VideoIQ needs to be trained in multiple steps

Train fp recognition network ---> Train ap recognition network ---
                                                                  |      Train policy network 
                                                                  |--->  with well-trained ap
                                                                  |      recognition network
                          Pre-train fp policy backbone network ---

where fp stands for full precision and ap stands for any precision.

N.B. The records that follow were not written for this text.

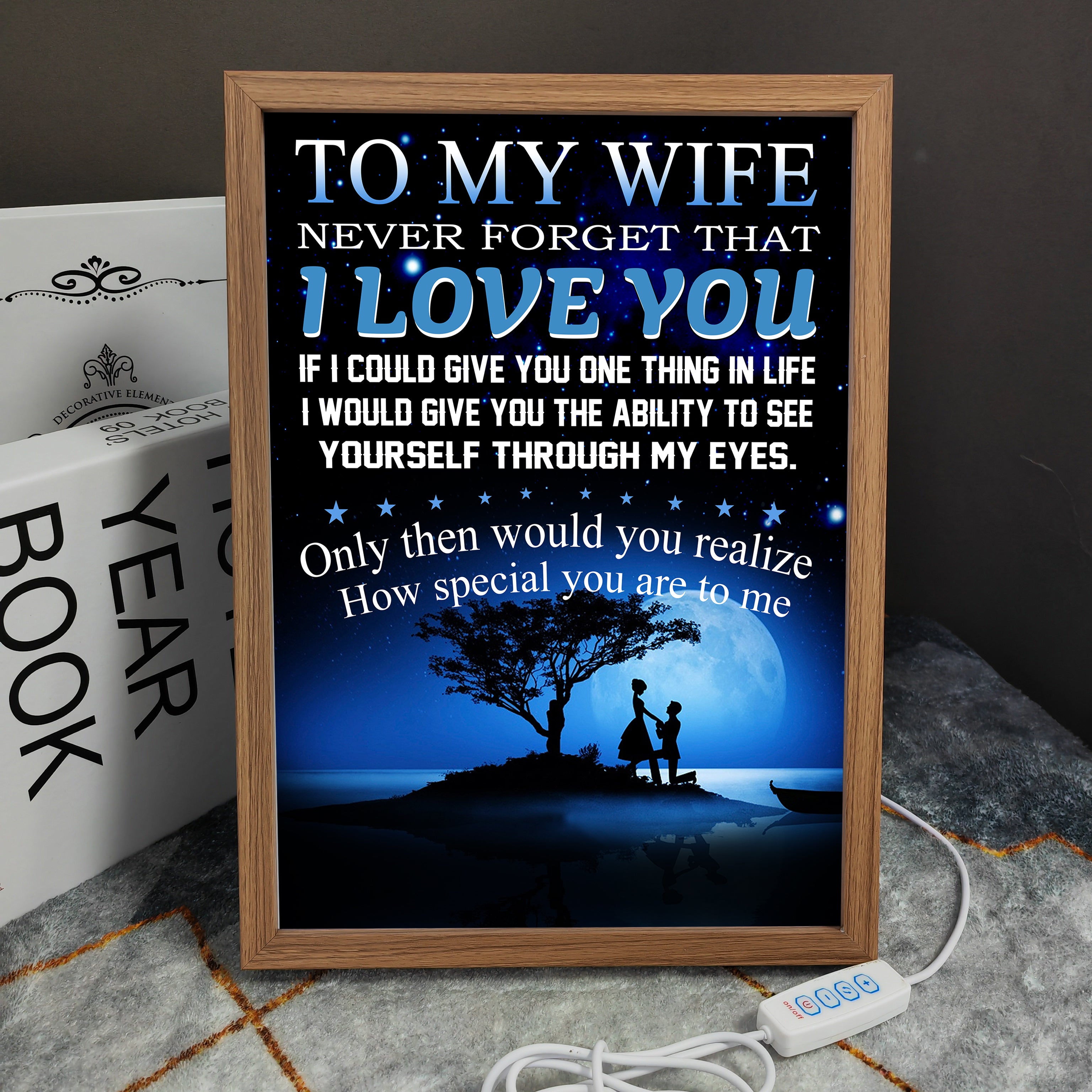 L4 LIGHTING FRAME CANVAS TO MY WIFE I LOVE YOU- DRAGON BALL - MUG CANVAS POSTER ALL STYLE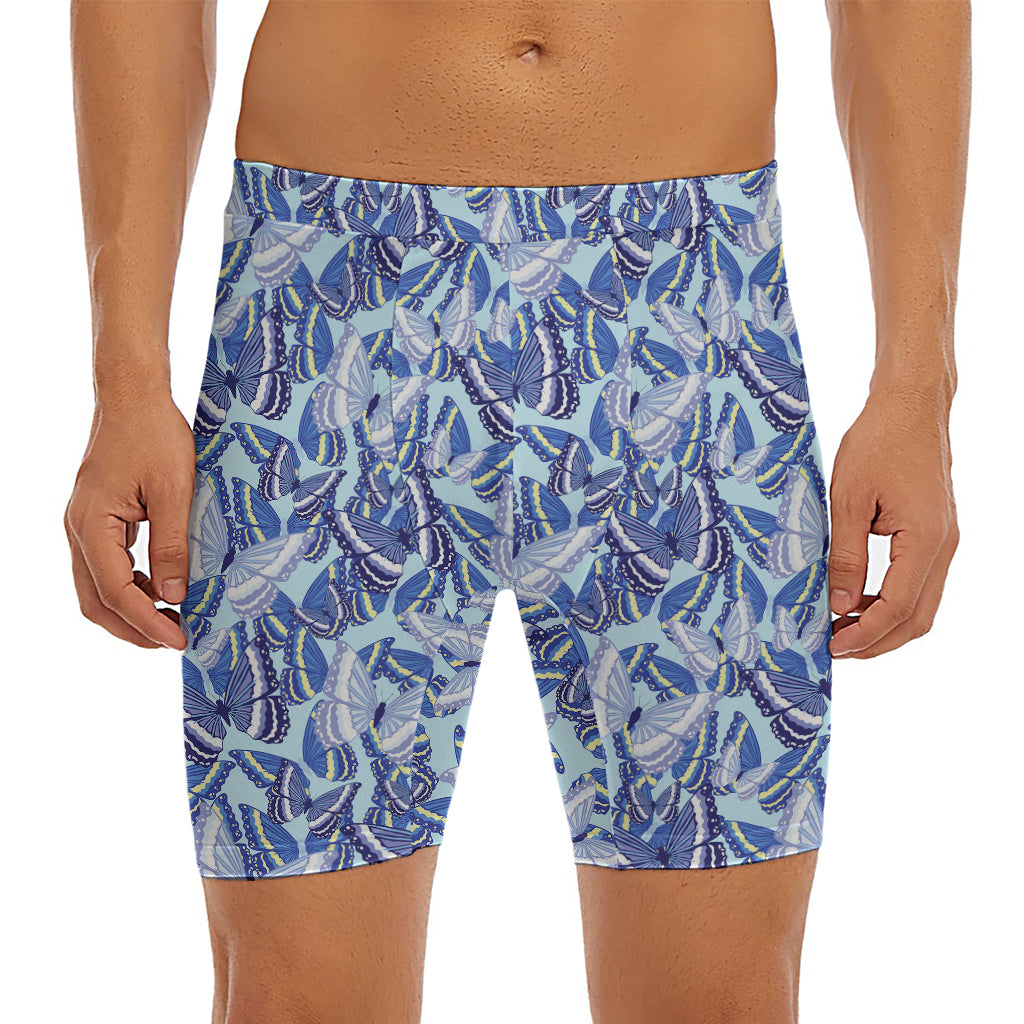 Blue Spring Butterfly Pattern Print Men's Long Boxer Briefs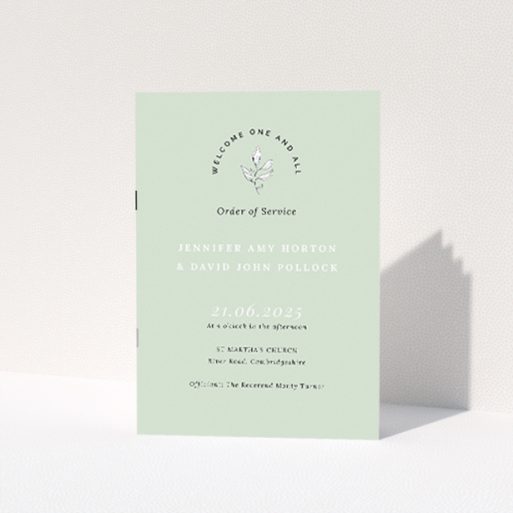 Tranquil Botanical Welcome Wedding Order of Service Booklet with Soft Green Palette and Botanical Illustration. This is a view of the front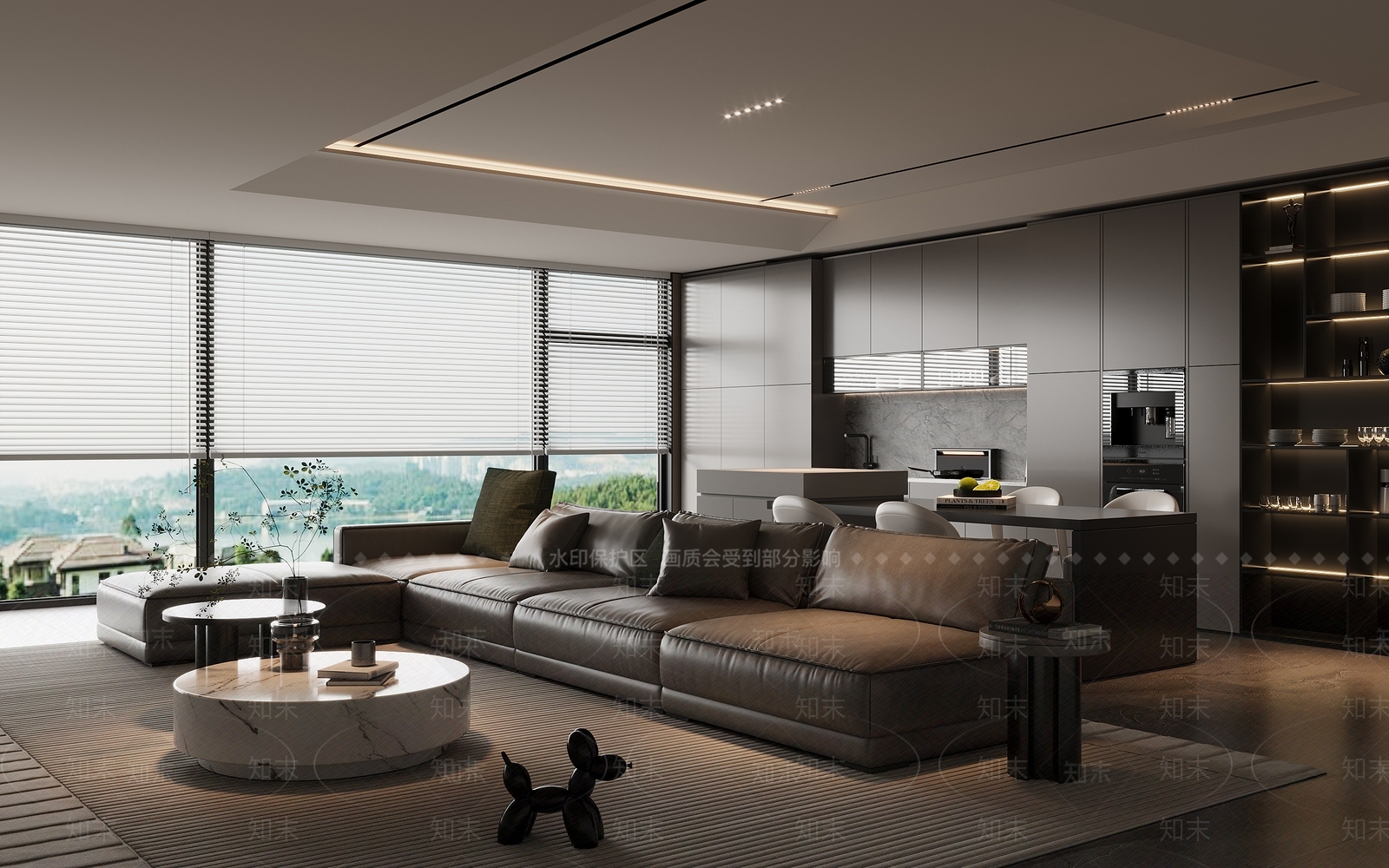 深色吧台吧台3D模型下载【ID:1227323921】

Here are the command for each step.

Train fp video recognition network

python train_dist.py --dataset activitynet --frames_per_group 1 --groups 16 --logdir <log_dir_path> \
 --lr 0.01 --backbone_net resnet -d 50 -b 72 -j 36 --without_t_stride --disable_scaleup --epochs 100 \ 
 --multiprocessing-distributed --auto_resume --use_lmdb  --datadir <dataset_path> \

Train ap video recognition network

python train_dist_ap.py --dataset activitynet --q_init 2 --backbone_net resnet_pact_ap -d 50 -b 72 -j 36 \ 
--logdir <log_dir_path> --lr 0.01 --epochs 100 --w_bit_width_family 32 4 2 \ 
--a_bit_width_family 32 4 2 --switch_bn --switch_clipval --frames_per_group 1 --groups 16 \ 
--imagenet_path <fp checkpoint path> --auto_resume --is_32fp  --q_lr 0.1 0.1 0.01  \ 
--loss_type KD_CE --q_weight-decay 5e-4 5e-4 6e-2 --multiprocessing-distributed --without_t_stride --disable_scaleup  \ 
--datadir <dataset_path> \

Train fp policy backbone

python train_dist.py --dataset activitynet --backbone_net mobilenet_v2 -b 72 -j 16 \
--logdir <log_dir_path> --lr 0.01 --epochs 100  --frames_per_group 1 --groups 16 \
--multiprocessing-distributed --without_t_stride --disable_scaleup --auto_resume --datadir <dataset_path> \

Train policy network with well-trained ap recognition network

python train_dist_ada.py --dataset activitynet --q_init 4 --backbone_net resnet_videoiq \
-d 50 -b 72 -j 16 --logdir <log_dir_path> --lr 0.0001 --epochs 50 --bit_width_family 4 2 \
--switch_bn --switch_clipval --use_lmdb --frames_per_group 1 --groups 16 --loss_type KD_CE --q_weight-decay 0.0005 0.005 \
--multiprocessing-distributed --without_t_stride --disable_scaleup --p_lr 0.01 --efficient --balanced --efficient_w 0.16 \
--balanced_w 1 --resnet_imagenet_path <fp_recognition_network_path> \
--mobilenet_imagenet_path <mb_net_path> --p_epochs 50 --prefix e1b1_new --use_fp_as_bb \
--is_32fp --auto_resume --is_policy_pred --datadir <dataset_path> \

Note: The commands above use the dataset saved in the frame form.
In our experiments, we use lmdb form dataset. We provide tools/create_lmdb.py to convert the dataset into lmdb.
Specifying --use_lmdb allows training and test with lmdb form dataset.